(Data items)
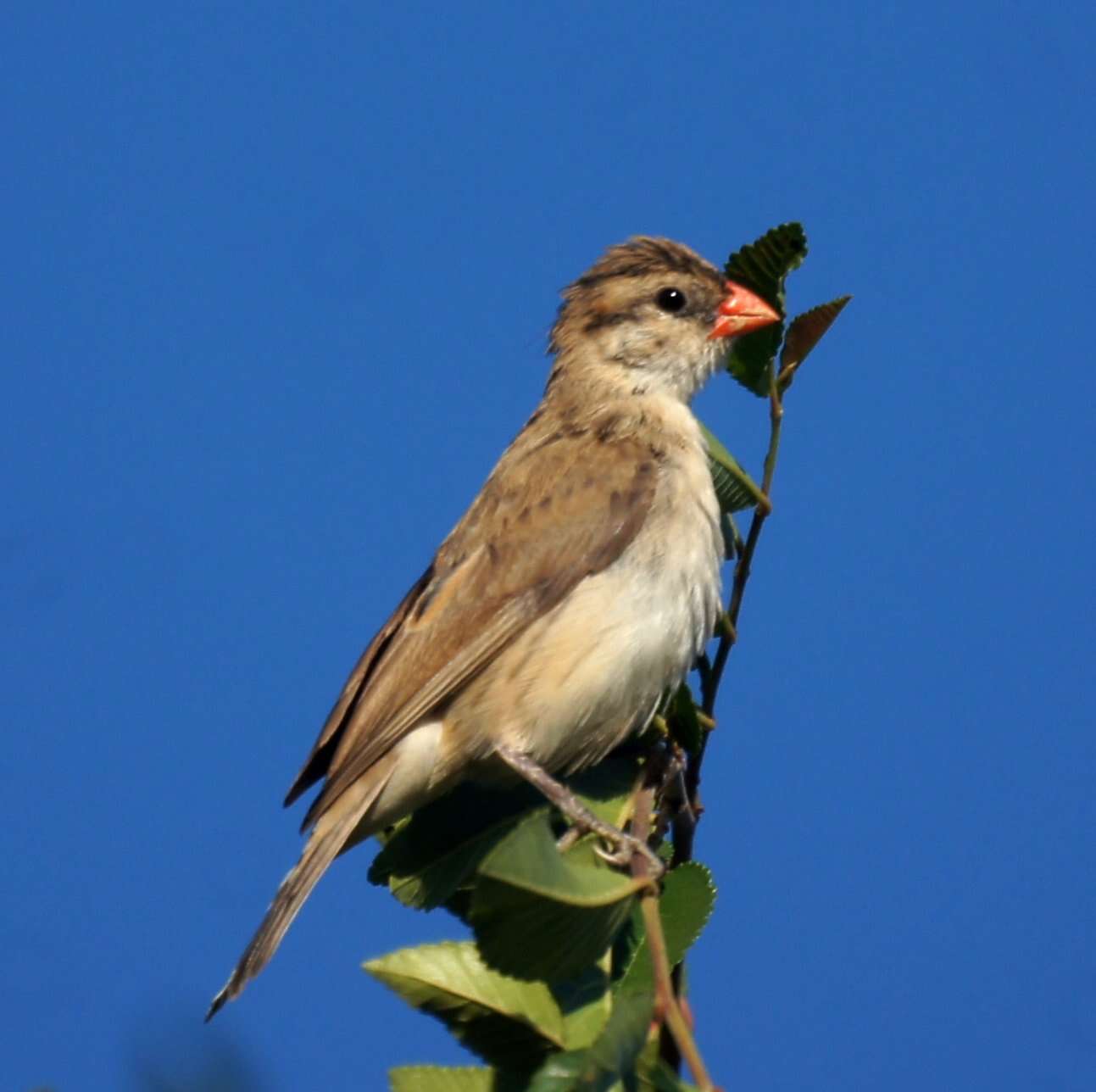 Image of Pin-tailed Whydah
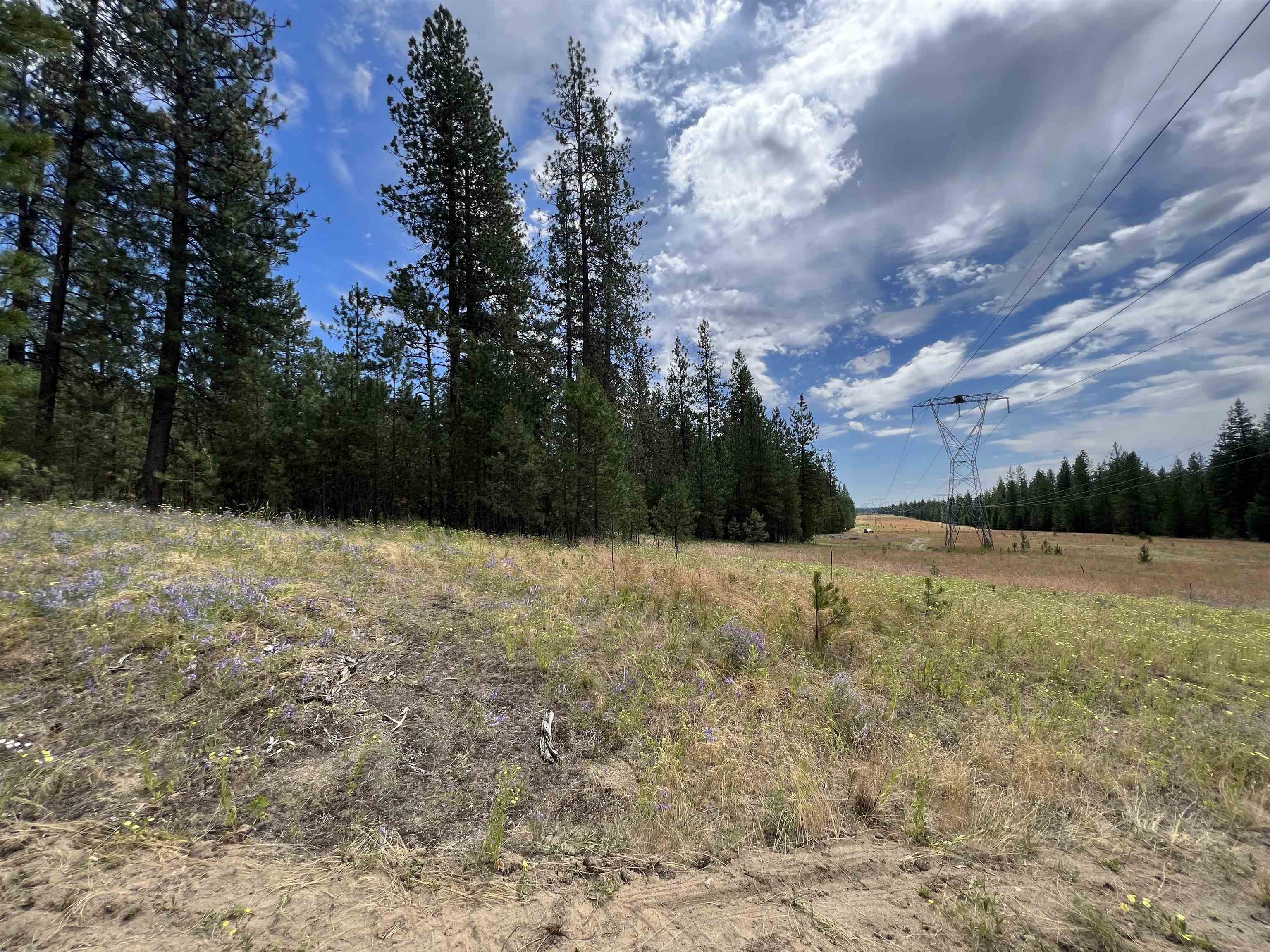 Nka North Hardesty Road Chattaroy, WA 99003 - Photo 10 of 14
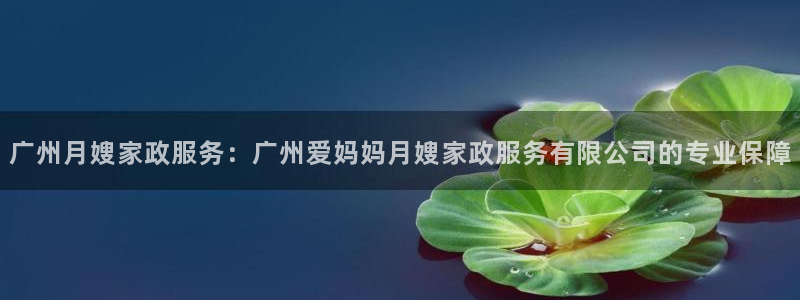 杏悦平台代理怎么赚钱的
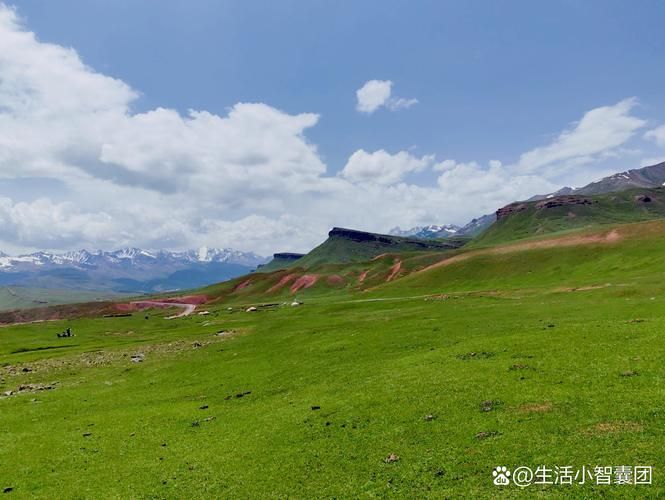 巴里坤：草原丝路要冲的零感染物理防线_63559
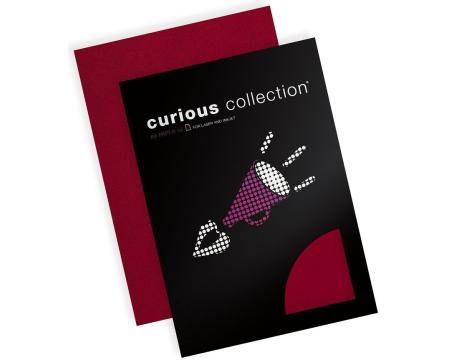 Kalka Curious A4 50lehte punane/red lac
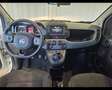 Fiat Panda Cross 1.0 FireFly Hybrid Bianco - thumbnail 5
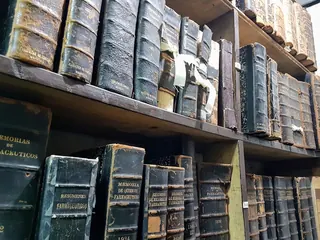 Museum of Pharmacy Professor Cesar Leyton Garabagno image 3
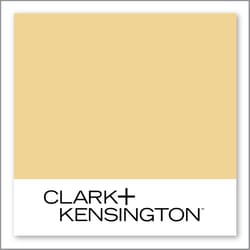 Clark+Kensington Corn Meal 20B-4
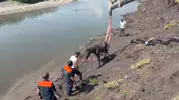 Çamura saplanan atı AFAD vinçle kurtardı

# Try it
Print the records above verbatim, minus any pictures.

# Exercise output
 Image of Pin-tailed Whydah
 Nka North Hardesty Road Chattaroy, WA 99003 - Photo 10 of 14
 杏悦平台代理怎么赚钱的
 巴里坤：草原丝路要冲的零感染物理防线_63559
 Kalka Curious A4 50lehte punane/red lac
 Fiat Panda Cross 1.0 FireFly Hybrid Bianco - thumbnail 5
 Museum of Pharmacy Professor Cesar Leyton Garabagno image 3
 Clark+Kensington Corn Meal 20B-4
 Çamura saplanan atı AFAD vinçle kurtardı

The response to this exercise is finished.